Similarly in one of his prose poems, ‘Words’, the reader is presented with the charming proposition that “we can no longer heal the words ‘love’ and ‘death.’ The words ‘run’, ‘jump’ and ‘walk’ are extremely exhausted, like wounded soldiers.”  Nakae lived as a hermit, away from the literary scene, creating his own genres. In his terrifying ‘A Love Song’ – the poet posits that he would like to eat his lover, but where does the metaphor stop? Click on the sound icons to hear the poet reading his works.

Tallulah Flores from Colombia, who spent some years in Romania, has written some beautiful poetry. Her poetry contains the ghosts of places, people and events and is suggestive of a sublime vision of the world. I found the final lines in ‘Craoiva Migrates’ particularly resonant:

Now I remember:
Craiova migrates with the birds
it rises up and every old house creaks.


‘If the River is Named’ also ends very interestingly. She writes of a river: “I do not want it to play at being poor and/ that everything be reduced to the old taste for a spectacle: / to the image of some remembered cinema.” She writing not just about a river but the way the ‘signifier’ of a river can escape its banks.

Miguel Iriarte, the second poet from Colombia in this issue and a professor of semiotics, combines religion and sexuality in his work. Much of the Colombian poetry we publish on the site has an erotic aspect but Iriate’s situation of sexuality within the Church stands out. For him, the Catholicism of his culture is inextricably linked with carnal desire. It had me turning back to ‘Signs’ by Slavko Jendričko: “These are the days / when stains reveal the invisible crime.” Still, I liked the following line of Iriate’s from ‘It is Thursday and she sings’: “The church is closed and inside there is a silence shaped like a song”.
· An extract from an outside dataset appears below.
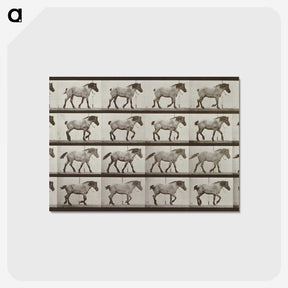 2-53_Eadweard-Muybridge_postcard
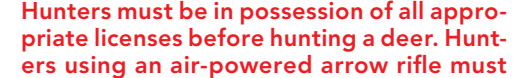 the highlighted excerpt of page 38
January’s issue is completed by more material from last summer’s Poetry International festival, recordings of poems by South African poet, Danie Marais . His poetry is very narrative, telling stories of people and places and the small tragedies of relationships:

and I’m not to tell you that I think you’re beautiful
because how would I know because look
I just don’t really look for you in a crowded room anymore
   (‘Sunday late, Barcelona’).

We wish all of our readers a Happy New Year.